Appears in: Archdiocesan News

This is beyond me. Accounts, documents, photos and more are now frequently stored not on paper or a computer’s hard drive or a “stick” but in something called a “cloud”. Does anyone know where this is? What this is? (I’ll have to remember to ask a ten-year-old.) However it works, data stored in the “cloud” can be accessed by multiple devices and shared across platforms. Of course, this raises the question of data protection in the interest of privacy, so information is encrypted and passwords are created. Apparently, these clouds are only so big. But they somehow miraculously expand if I pay for more “storage”. It is all rather wonderful and far beyond my capacity to grasp.

The Scripture passages we heard on Sunday bring to our awareness another kind of “cloud storage”, namely, the heart of God. There we have “stored” everything about us. The capacity is infinite: “The whole world before you, O Lord, is like a speck that tips the scales, or like a morning dew that falls on the ground.” (Wisdom 11:22). So, too, is the love with which it is held: “Lord, you love all things that exist.” (Wisdom 11:24). No amount of encryption, no password of any complexity, can shield our “data” from God’s knowledge. This, however, is no cause for anxiety, because God responds to our waywardness with tender correction and boundless mercy.

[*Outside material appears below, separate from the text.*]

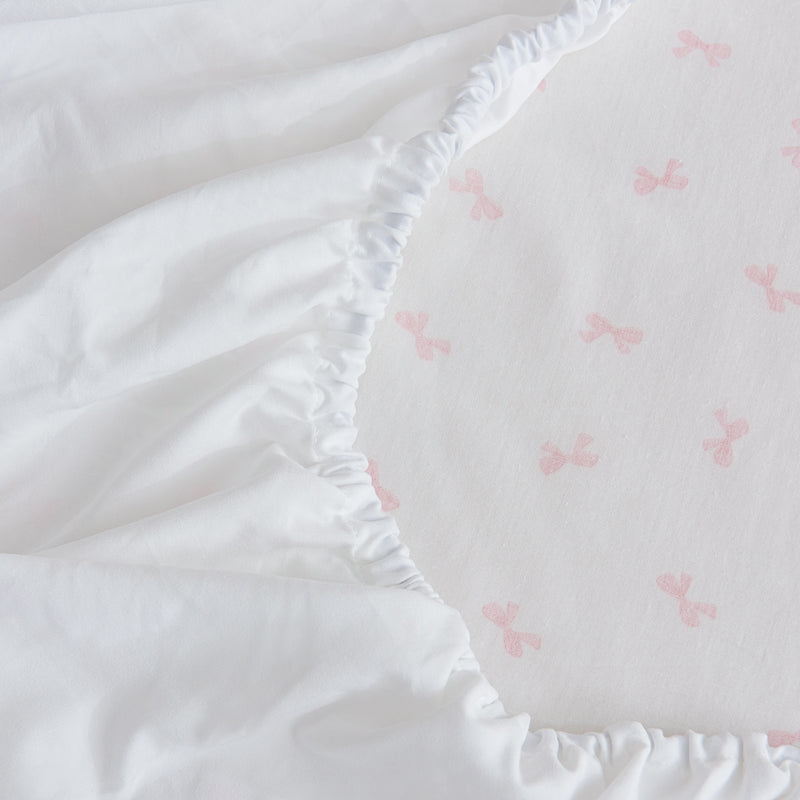 Vivian Cotton Bedskirt Duvet Cover Set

The digital cloud is invisible. The divine one has been made visible in the person of Jesus Christ. In him the heart of God is on full display. In him the infinite love and all-embracing knowledge stored in that “cloud” is openly shared across the platforms of human assumptions and prejudices, summoning us to a new way of analyzing the data that is daily before us in our interactions with others.

We see this at work in the encounter between Jesus and Zacchaeus (Luke 19:1-10). Jesus awakens him to the all-embracing knowledge and all-forgiving mercy stored in God’s heart, and this encounter transforms his life. It also challenges observers to dissipate their own very small “clouds” where they have kept stored the data of his occupation (tax collector) and judge him a sinner. In God’s heart he is “a son of Abraham”, forever the precious object of God’s loving concern.

As is each of us. It may well be very difficult to pierce the clouds of cyberspace, but it is no problem at all to access our data in the heart of God. He has opened that divine cloud to full view in the life, death and resurrection of Jesus Christ. The love and mercy stored therein reaches us through the sacraments of the Church. If we would give as much attention to receiving from the divine cloud as we do to filling the digital one, our lives would be forever transformed.